A section of the controversial Israeli barrier is seen between the Shuafat refugee camp, right, and Pisgat Zeev.

OCCUPIED JERUSALEM / RAMALLAH: Israel has presented Palestinians with its ideas for the borders and security arrangements of a future Palestinian state, in a bid to keep exploratory talks alive, Palestinian and Israeli sources said Friday.

However, Palestinian officials said the verbal presentation by Israeli negotiator Yitzhak Molcho at a meeting Wednesday was a nonstarter, envisaging a fenced-off territory of cantons preserving most Jewish settlements.

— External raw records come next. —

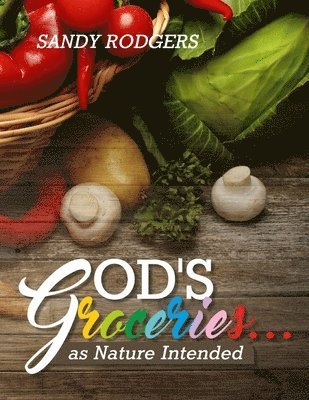 Sandy Rodgers - God's Groceries... as Nature Intended, Häftad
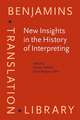 New Insights in the History of Interpreting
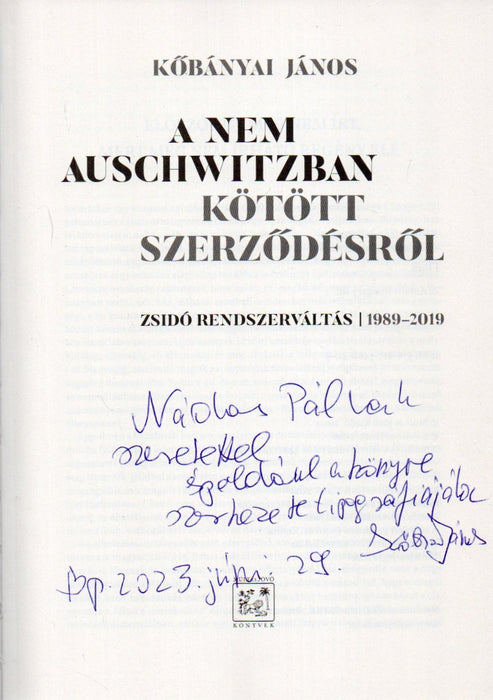 A nem Auschwitzban kötött szerződésről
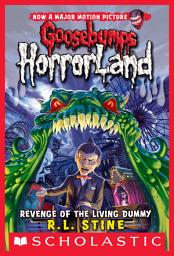 Icon image Revenge of the Living Dummy (Goosebumps HorrorLand #1)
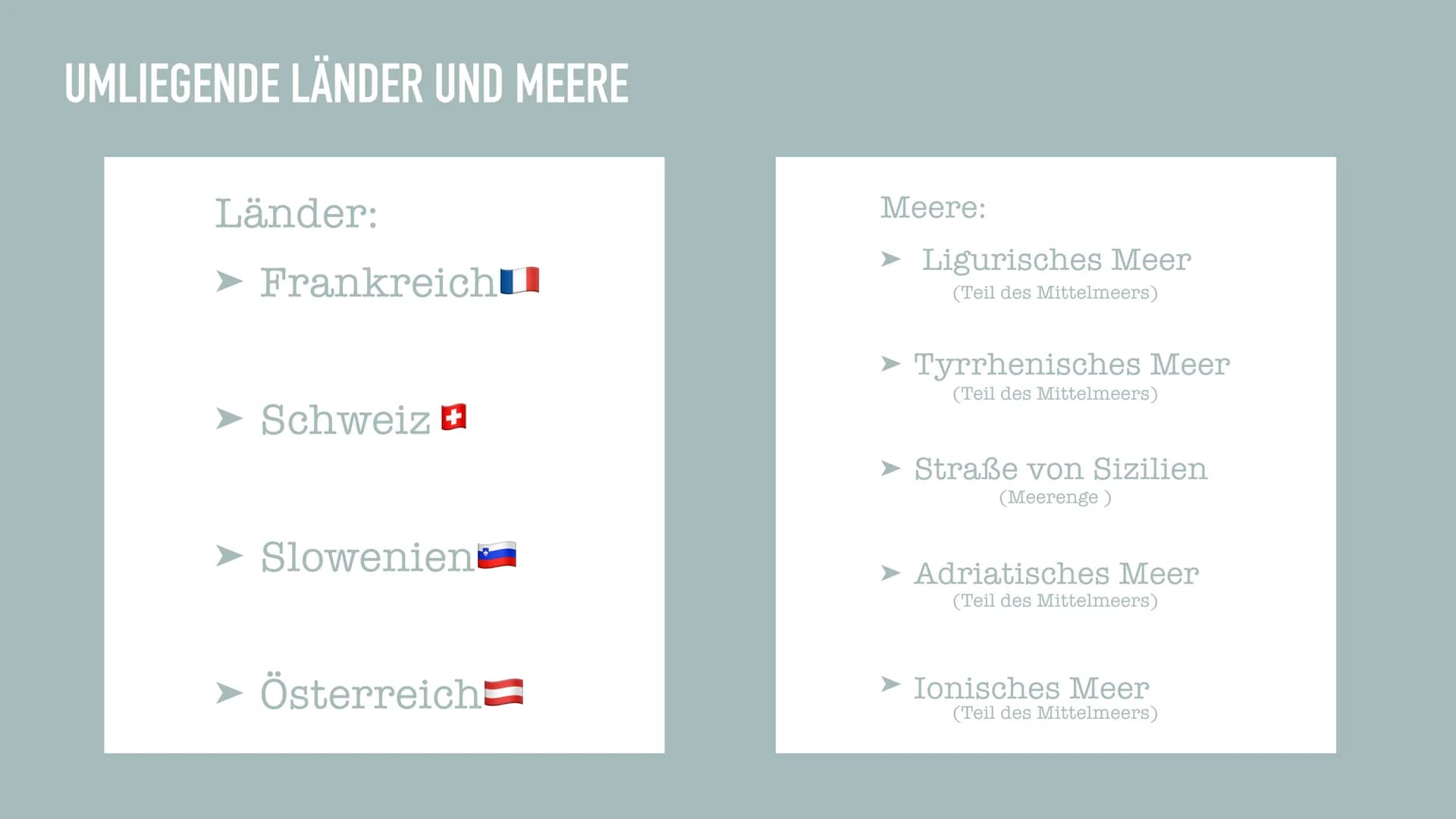 ITALIEN
MENGEN GLIEDERUNG
➤ Lage
➤ Geografie
➤ Flagge
➤ Wirtschaft
➤ Die italienische Geschichte
➤ Politik
➤ Besonderheiten
➤ Fragen?
➤ Quel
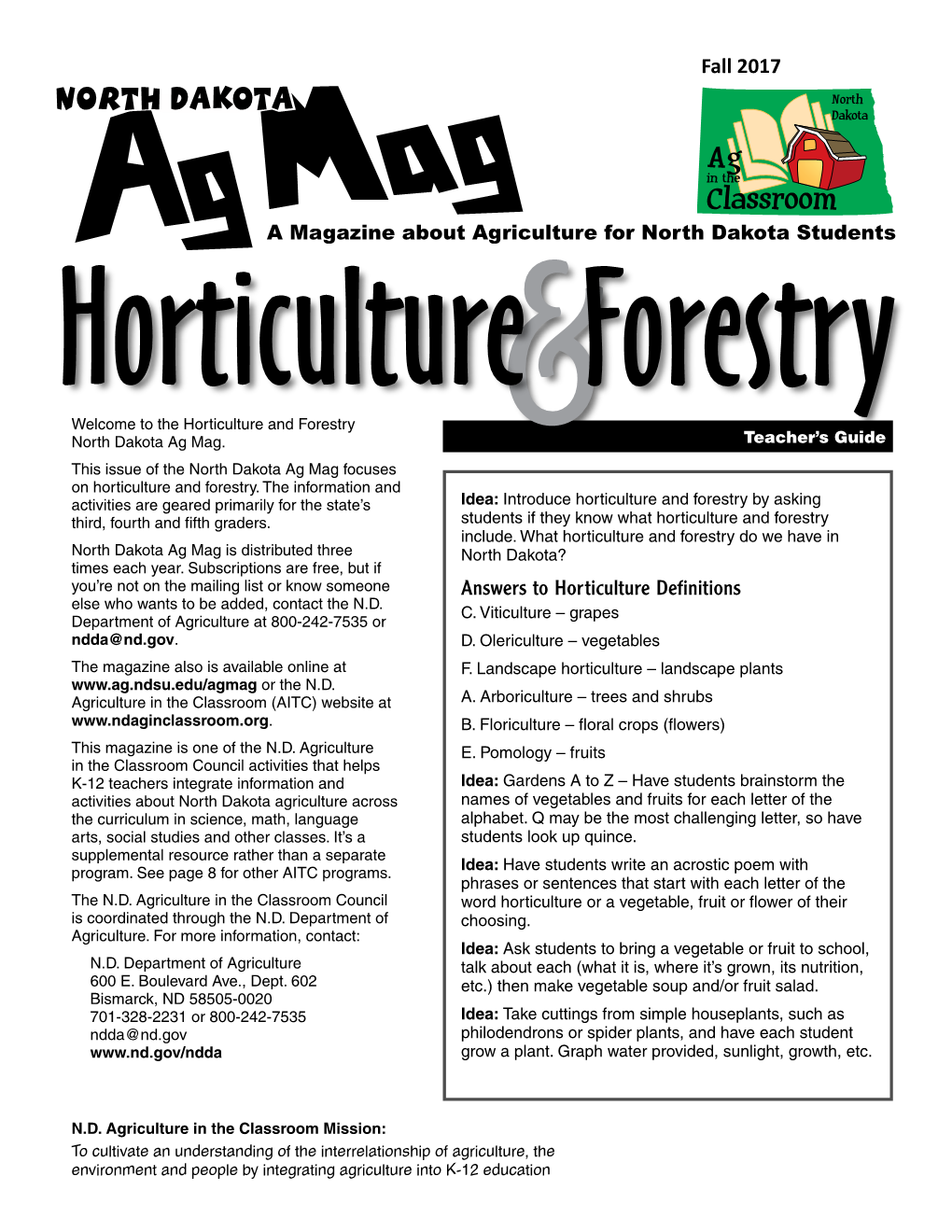 North Dakota Ag in the Classroom Horticulture Forestry Welcome to the Horticulture and Forestry North Dakota Ag Mag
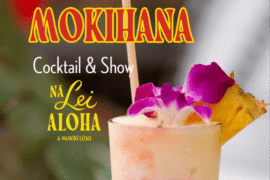 Na Lei Aloha - Mokihana - Cocktail & Show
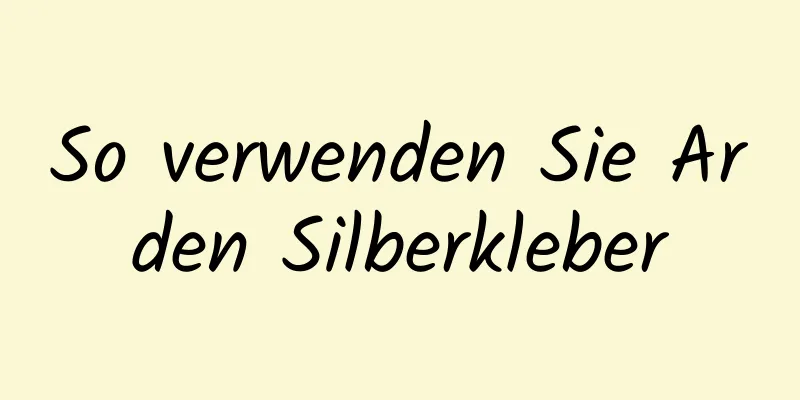So verwenden Sie Arden Silberkleber
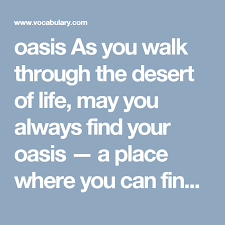 Click here to buy on amazon. Oasis As You Walk Through The Desert Of Life May You Always Find Your Oasis A Place Where You Can Find Safety And Suste Oasis Dictionary Definitions Deserts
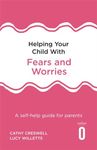 Helping Your Child with Fears and Worries 2nd Edition: A self-help guide for parents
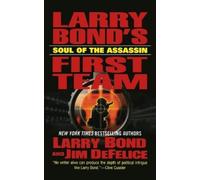 Larry Bond First Team Soul of the Assassin (Tascabile)
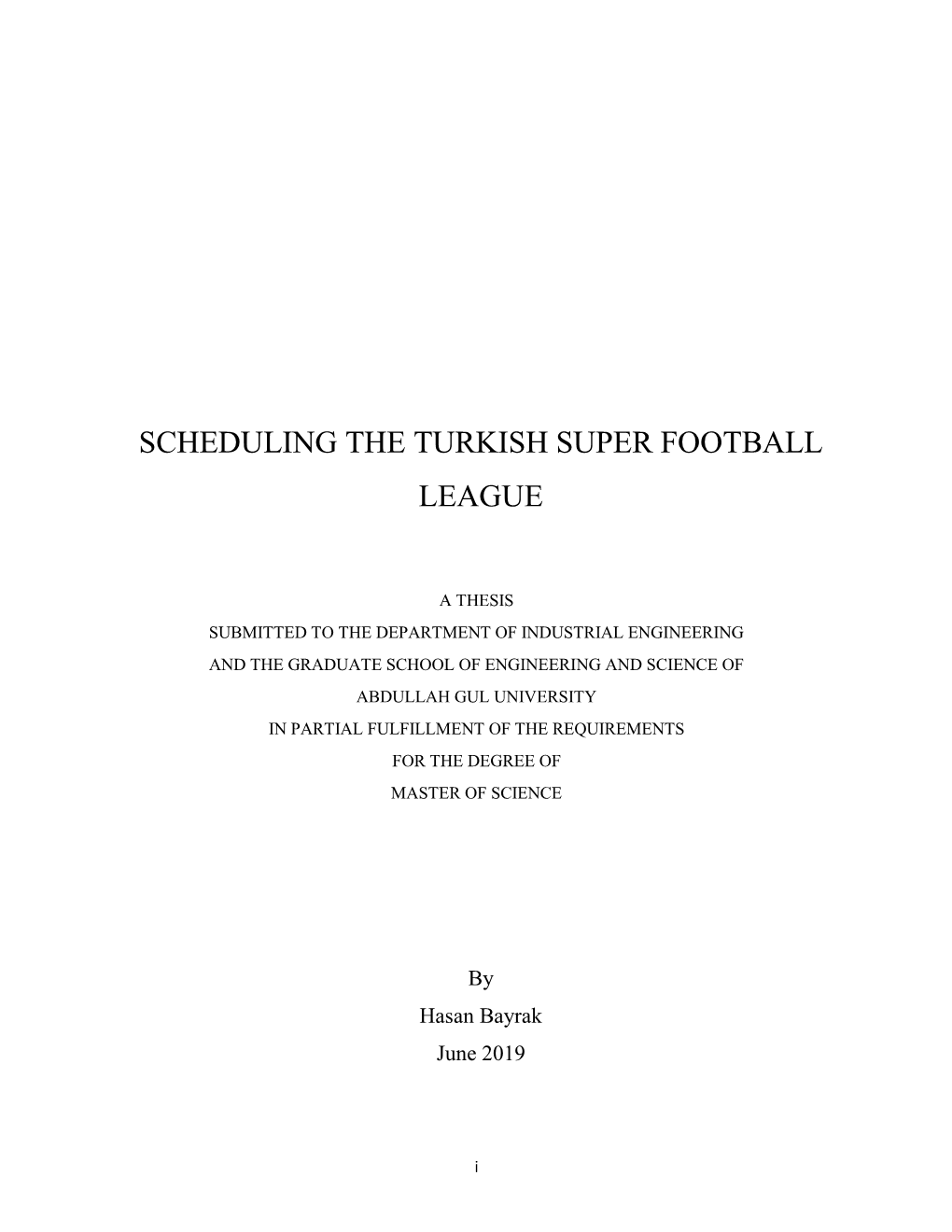 Scheduling the Turkish Super Football League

“He killed the two-state solution, set aside previous agreements and international law,” said a Palestinian Liberation Organization source. “Basically, the Israeli idea of a Palestinian state is made up of a wall and settlements.”

It was the first time Israeli Prime Minister Benjamin Netanyahu’s administration has broached the issue of borders with Palestinians. An Israeli official said the presentation was in line with a framework for talks set by the Quartet – the United States, European Union, Russia and the United Nations.

Its aim is to ensure that the core issues of borders and security were clearly set out by Jan. 26, with the goal of relaunching negotiations stalled since November 2010, to reach a framework peace accord by the end of this year.

After five rounds of talks in Jordan, including Wednesday’s session, the Palestinian source said there are no more meetings scheduled. Palestinian President Mahmoud Abbas has said he wants to consult Arab League states on the next move.

According to the Palestinian source, Molcho’s team suggested that any solution creating a Palestinian state living in peace alongside Israel needs to “preserve the social and economic fabric of all communities, Jewish or Palestinian.”

The idea presented by Molcho “does not include Jerusalem and the Jordan valley, and includes almost all [Jewish] settlements,” the Palestinian official said.

No maps were presented at the meeting, he added.

The Palestinians want a state including the West Bank, the Jordan Valley, East Jerusalem and Gaza.

The Gaza Strip is ruled by the Islamist Hamas faction which rejects a permanent peace settlement with Israel and refuses to recognize it. Politically and geographically, Gaza is split off from Abbas’ West Bank territory.

An Israeli official said Molcho presented guiding principles that determine Israel’s positions on the territorial issue.

Israel’s approach to territorial compromise in the occupied West Bank includes the principal that “most Israelis will be under Israeli sovereignty and obviously most Palestinians will be under Palestinian sovereignty,” the official said.

He noted that Netanyahu had acknowledged, in a speech to the United States Congress, that not all Jewish settlements “will be on our side of the border” of a future Palestinian state.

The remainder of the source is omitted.